Input --> Convolution --> Dense --> Output --> Loss <-- Actual output

In [4]:
# defining the placeholder
x = tf.placeholder(tf.float32, shape = (None, y_dim, x_dim, 1), name = 'x')
y = tf.placeholder(tf.float32, shape = (None, classes), name = 'y')

In [5]:
'''
For convolution API given
tf.nn.conv2d(input, filter, strides, padding, ...)
input = input to the convolution layer
filter = weights to the convolution layer
strides = A 4-D tensor depending upon the data input format
padding = "SAME" or "VALID"
'''

# ___Convolution Layer___
# defining the filter a.k.a weights
# [4, 4, 1, 16] --> the convulution layer will compute 16 feature for a window of 4x4
W_conv = tf.Variable(tf.truncated_normal([4, 4, 1, 16]))
# defining biases for the layer
b_conv = tf.Variable(tf.truncated_normal([16]))
# doing the convolution
h_conv = tf.nn.conv2d(x, W_conv, [1, 1, 1, 1], padding = 'SAME') + b_conv
h_conv = tf.nn.max_pool(h_conv, ksize = [1, 2, 2, 1], strides = [1, 2, 2, 1], padding = 'SAME')

# The output of max_pool will be an image of size 5x5 and each [pixel, for lack of a better word]
# having 16 features, exactly like in an RGB image each pixel has 3 feature

# ___Densely Connected Layer___
W_dense = tf.Variable(tf.truncated_normal([5*5*16, classes]))
b_dense = tf.Variable(tf.truncated_normal([classes]))
# we need to flatten the output of convolution layer so that we can feed it to a Dense Layer
h_conv_flat = tf.reshape(h_conv, [-1, 5*5*16])
y_ = tf.matmul(h_conv_flat, W_dense) + b_dense

In [6]:
# Determining the loss function and accuracy function
cross_entropy = tf.nn.softmax_cross_entropy_with_logits(labels = y, logits = y_)
train_step = tf.train.AdamOptimizer().minimize(cross_entropy)
correct_prediction = tf.equal(tf.argmax(y_, 1), tf.argmax(y, 1))
accuracy = tf.reduce_mean(tf.cast(correct_prediction, tf.float32))

In [9]:
# Now we train the model
sess = tf.Session()
sess.run(tf.global_variables_initializer())

for e in range(n_epochs):
    feed_dict = {x: data_x, y: data_y}
    _, = sess.run([train_step], feed_dict = feed_dict)
    if (e+1) % 10 == 0:
        acc = sess.run([accuracy], feed_dict = feed_dict)
        print('Epoch {0}, accuracy : {1}'.format(e+1, acc[0]))

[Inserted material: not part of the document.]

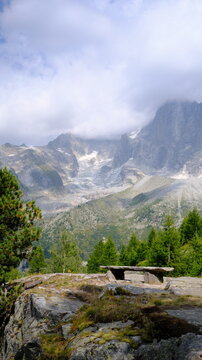 Banc en pierre face &agrave; un paysage alpin compos&eacute; de conif&egrave;res, de sommets rocheux et d&rsquo;un glacier partiellement couvert par les nuages &agrave; Chamonix-Mont-Blanc, dans les Alpes fran&ccedil;aises.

Epoch 10, accuracy : 0.25999999046325684
Epoch 20, accuracy : 0.33000001311302185
Epoch 30, accuracy : 0.3199999928474426
Epoch 40, accuracy : 0.30000001192092896
Epoch 50, accuracy : 0.3100000023841858
Epoch 60, accuracy : 0.3100000023841858
Epoch 70, accuracy : 0.30000001192092896
Epoch 80, accuracy : 0.3199999928474426
Epoch 90, accuracy : 0.33000001311302185
Epoch 100, accuracy : 0.33000001311302185


As we can see the accuracy increases with time.